There’s an old saying — sometimes we move the goalposts a little. And declare victory.
We’re being a bit tongue in cheek here, but for the retailers who still — and for the foreseeable future will — depend on physical retail to move goods, a look back to a recovery stretching out over two years is not all that much to cheer about.
Because the recovery is only a slight retracement of what’s been a multi-year inexorable slide of physical retail, which still accounts for the bulk of their fortunes.

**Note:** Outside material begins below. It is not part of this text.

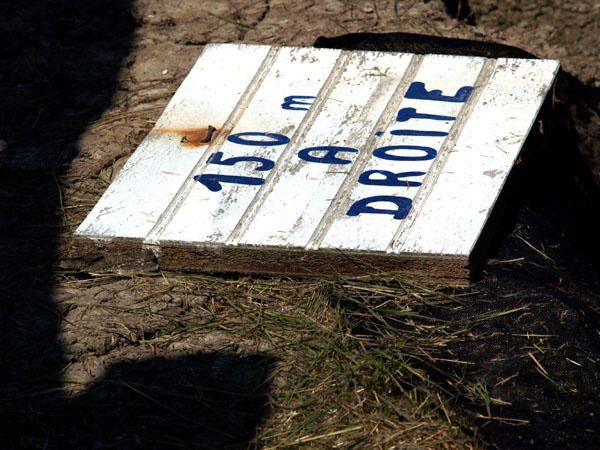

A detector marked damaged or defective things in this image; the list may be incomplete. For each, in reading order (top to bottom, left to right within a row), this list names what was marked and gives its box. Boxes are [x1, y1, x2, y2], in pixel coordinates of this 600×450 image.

rust stain on sign [156, 124, 219, 147] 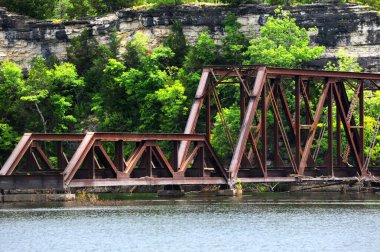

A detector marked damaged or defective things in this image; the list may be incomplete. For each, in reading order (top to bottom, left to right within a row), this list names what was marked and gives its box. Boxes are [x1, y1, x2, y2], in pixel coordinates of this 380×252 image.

rusted metal surface [0, 65, 380, 189]
rusty steel truss bridge [0, 66, 380, 190]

Right now, the slew of retail earnings — no matter where you might look — are sounding some alarms about shoppers, noting the mixed pressures of rising interest rates and rising inflation.

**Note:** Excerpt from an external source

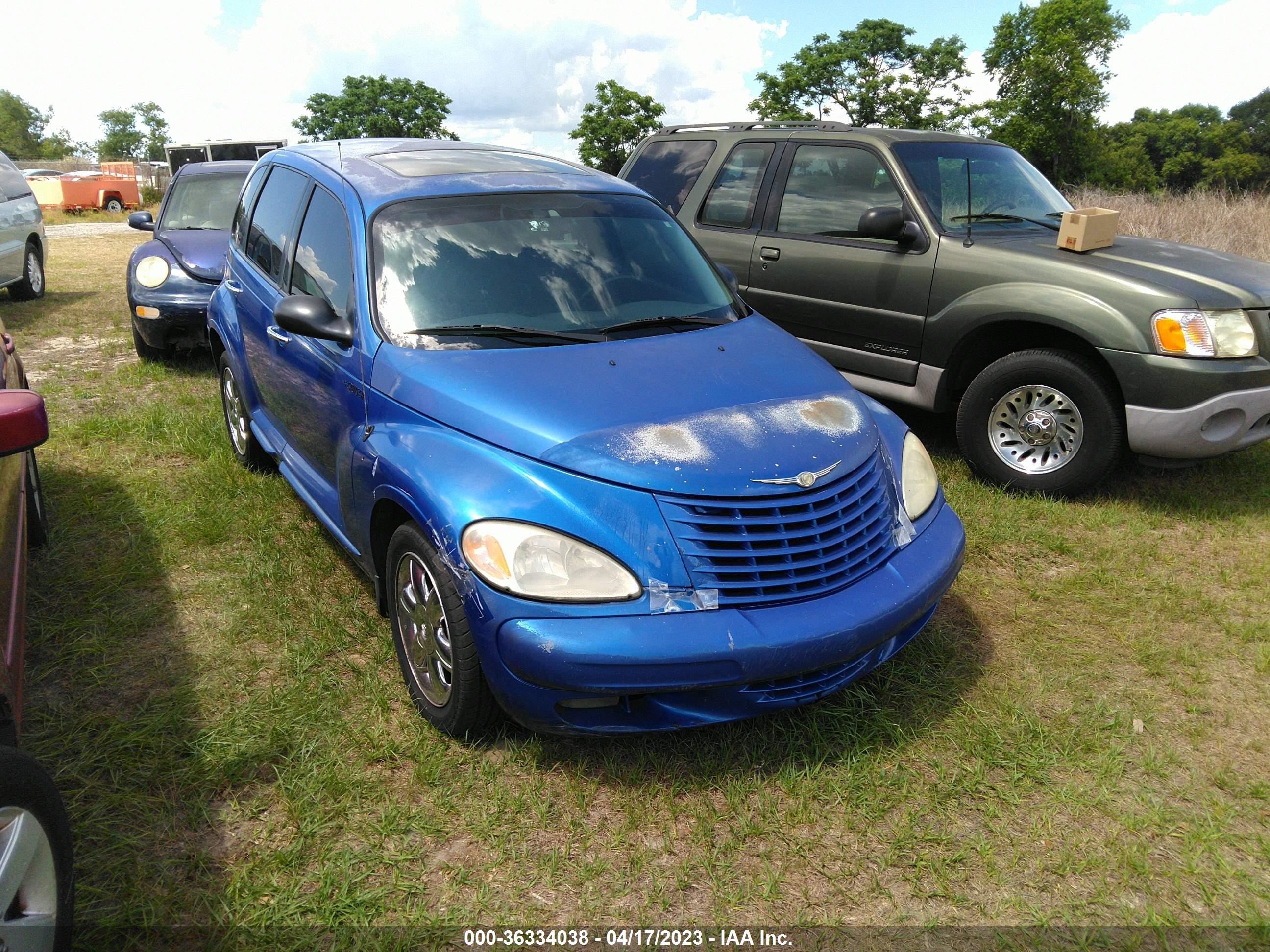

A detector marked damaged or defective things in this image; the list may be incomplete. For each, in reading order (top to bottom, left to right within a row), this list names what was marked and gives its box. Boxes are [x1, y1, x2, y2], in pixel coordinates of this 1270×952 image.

damaged front bumper [477, 502, 960, 736]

Depending on where you look, some firms are maintaining guidance, others are cutting their outlook.
Among the latest examples of the latter can be found with Macy’s, which said on Tuesday morning (Aug. 23) that discretionary spending was under pressure and that it would have to take markdowns in order to get consumers to keep opening their wallets (and of course to move goods off of physical and virtual shelves).
Drill down a bit, and we can see from earnings supplementals that comparable sales were up 4.3% on an owned basis, and 4.4% on an owned plus licensed basis vs. the same quarter of 2019.
Similarly, Walmart, which lowered its profit guidance during its own results presentation recently, said that U.S. comp sales grew 11.7% on a two year stack.
You get the picture. None of this is to say that retailers have not made progress in climbing back from the depths of the pandemic.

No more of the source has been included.